En los últimos años se ha hecho cada vez más común escuchar que ya no hay “trabajadores”, sino “colaboradores”. La palabra suena bien. Es amable, moderna, aparentemente más humana. Nadie se molesta con ser llamado colaborador; al contrario, hasta parece un reconocimiento. Pero cuando uno se detiene a pensar con un poco más de profundidad, la pregunta surge casi de inmediato: ¿realmente cambió la realidad del trabajo o solo cambió la forma de nombrarla?

Porque una realidad es el lenguaje… y otra muy distinta es lo que ese lenguaje intenta ocultar o suavizar.

Desde la tradición del socialismo, el concepto de trabajador no es un simple término técnico. Es una categoría histórica, cargada de sentido. El trabajador es quien vende su fuerza de trabajo para poder vivir, en un sistema donde los medios de producción no le pertenecen. En esa relación, por más que se maquille, no es entre iguales. Hay una dependencia real, una asimetría evidente. Eso no lo inventó nadie por capricho; lo explicó con claridad Carlos Marx hace más de un siglo, y sigue teniendo vigencia hoy.

Decir trabajador es reconocer esa realidad. Es aceptar que hay intereses distintos entre quien contrata y quien es contratado. Es entender que los derechos laborales no surgieron por buena voluntad, sino por lucha, organización y conciencia colectiva.

Ahora bien, cuando se introduce el término colaborador, la narrativa cambia. Ya no se habla de relaciones de poder, sino de “equipos”. Ya no hay conflicto, sino “objetivos comunes”. Todo suena más armónico, más integrado, más bonito. Es ahí donde conviene detenerse.

Porque el problema no es que la gente colabore —eso siempre ha existido—, el problema es cuando esa palabra se utiliza para redefinir la relación laboral como si fuera horizontal, cuando en la práctica sigue siendo jerárquica.
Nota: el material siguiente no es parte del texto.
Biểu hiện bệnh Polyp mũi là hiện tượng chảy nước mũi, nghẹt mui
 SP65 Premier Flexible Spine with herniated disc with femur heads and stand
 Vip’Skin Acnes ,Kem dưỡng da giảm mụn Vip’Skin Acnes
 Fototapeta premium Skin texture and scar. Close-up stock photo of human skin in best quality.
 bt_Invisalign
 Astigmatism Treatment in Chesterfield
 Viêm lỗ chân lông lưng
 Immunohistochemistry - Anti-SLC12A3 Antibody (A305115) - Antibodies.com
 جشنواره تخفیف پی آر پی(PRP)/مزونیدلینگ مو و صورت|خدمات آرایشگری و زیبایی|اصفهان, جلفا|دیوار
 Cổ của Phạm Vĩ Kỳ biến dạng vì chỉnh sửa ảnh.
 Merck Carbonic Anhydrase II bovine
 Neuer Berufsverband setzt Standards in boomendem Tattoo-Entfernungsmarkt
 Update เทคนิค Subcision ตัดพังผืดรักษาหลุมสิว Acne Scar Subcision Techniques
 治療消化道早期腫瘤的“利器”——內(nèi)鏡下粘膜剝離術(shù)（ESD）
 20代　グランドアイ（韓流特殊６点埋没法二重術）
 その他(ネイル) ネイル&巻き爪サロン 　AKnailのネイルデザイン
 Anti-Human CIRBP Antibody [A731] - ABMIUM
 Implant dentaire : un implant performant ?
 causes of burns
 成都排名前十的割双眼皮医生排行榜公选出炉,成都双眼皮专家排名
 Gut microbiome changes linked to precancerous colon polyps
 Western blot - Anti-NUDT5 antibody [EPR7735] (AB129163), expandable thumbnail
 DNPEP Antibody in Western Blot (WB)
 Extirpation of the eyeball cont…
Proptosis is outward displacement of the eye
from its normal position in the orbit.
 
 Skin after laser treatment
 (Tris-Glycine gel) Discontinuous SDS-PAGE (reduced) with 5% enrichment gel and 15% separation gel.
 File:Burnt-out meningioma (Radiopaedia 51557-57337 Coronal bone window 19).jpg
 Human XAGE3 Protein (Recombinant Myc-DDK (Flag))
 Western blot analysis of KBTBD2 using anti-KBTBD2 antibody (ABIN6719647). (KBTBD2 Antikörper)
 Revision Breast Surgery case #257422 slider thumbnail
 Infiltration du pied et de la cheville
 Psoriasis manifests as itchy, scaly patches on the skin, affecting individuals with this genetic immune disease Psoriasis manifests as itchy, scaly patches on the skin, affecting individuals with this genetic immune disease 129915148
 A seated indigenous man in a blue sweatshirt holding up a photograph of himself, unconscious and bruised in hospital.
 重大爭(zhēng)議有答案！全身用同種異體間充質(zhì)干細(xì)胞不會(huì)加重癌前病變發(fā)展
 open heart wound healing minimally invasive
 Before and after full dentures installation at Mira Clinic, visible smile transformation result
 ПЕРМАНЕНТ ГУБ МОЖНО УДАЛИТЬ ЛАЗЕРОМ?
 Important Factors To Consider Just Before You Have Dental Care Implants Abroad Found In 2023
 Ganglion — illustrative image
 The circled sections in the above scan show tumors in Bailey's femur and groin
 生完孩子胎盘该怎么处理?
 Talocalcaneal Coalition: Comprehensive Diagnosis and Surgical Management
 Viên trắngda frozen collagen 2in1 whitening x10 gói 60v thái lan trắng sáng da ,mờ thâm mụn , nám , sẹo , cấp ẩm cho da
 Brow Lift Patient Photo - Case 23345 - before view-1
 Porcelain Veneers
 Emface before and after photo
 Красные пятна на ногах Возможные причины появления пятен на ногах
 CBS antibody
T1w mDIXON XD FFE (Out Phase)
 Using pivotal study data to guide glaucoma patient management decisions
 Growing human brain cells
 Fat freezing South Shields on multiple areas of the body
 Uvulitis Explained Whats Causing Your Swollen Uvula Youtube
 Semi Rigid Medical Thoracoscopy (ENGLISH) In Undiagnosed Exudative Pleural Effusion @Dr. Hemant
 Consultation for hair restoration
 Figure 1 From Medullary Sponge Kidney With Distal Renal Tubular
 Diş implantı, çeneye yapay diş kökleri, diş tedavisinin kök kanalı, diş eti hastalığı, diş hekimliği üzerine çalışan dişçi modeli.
En el fondo, el llamado “colaborador” sigue dependiendo de un salario, sigue sujeto a decisiones que no controla y sigue sin poseer los medios con los que trabaja.

Entonces, ¿qué cambió?

Desde la lógica del capitalismo contemporáneo, el cambio no es inocente. Es estratégico. Se trata de construir una cultura organizacional donde el conflicto desaparezca del discurso, aunque siga presente en la realidad. Se busca que el individuo se identifique con la empresa, que sienta que “es parte”, que asuma responsabilidades… pero sin necesariamente participar en las decisiones fundamentales.

Aqui está el punto clave: cuando se diluye la palabra trabajador, también se debilita, poco a poco, la conciencia de lo que implica serlo.

No se trata de rechazar todo lenguaje nuevo ni de negar que las dinámicas laborales han evolucionado. Claro que hoy se habla de trabajo en equipo, de innovación, de liderazgo compartido. Todo eso es válido. Pero una cosa es mejorar el ambiente laboral, y otra muy distinta es sustituir conceptos que históricamente han servido para nombrar y defender derechos.

Llamar a alguien colaborador no lo convierte en socio. No lo hace dueño. No elimina la relación de dependencia. Solo cambia la forma en que percibimos esa relación.

Ahí radica el verdadero debate.

Porque, al final del día, las palabras no son inocentes. Nombran, pero también encuadran la realidad. Decir trabajador es asumir una posición: reconocer la existencia de desigualdades y la necesidad de organización para enfrentarlas. Decir colaborador puede ser, en muchos casos, una forma elegante de evitar esa conversación.

Por eso, más que discutir cuál palabra suena mejor, deberíamos preguntarnos cuál describe mejor la realidad que vivimos.
Sobre todo, cuál nos permite entenderla… para transformarla.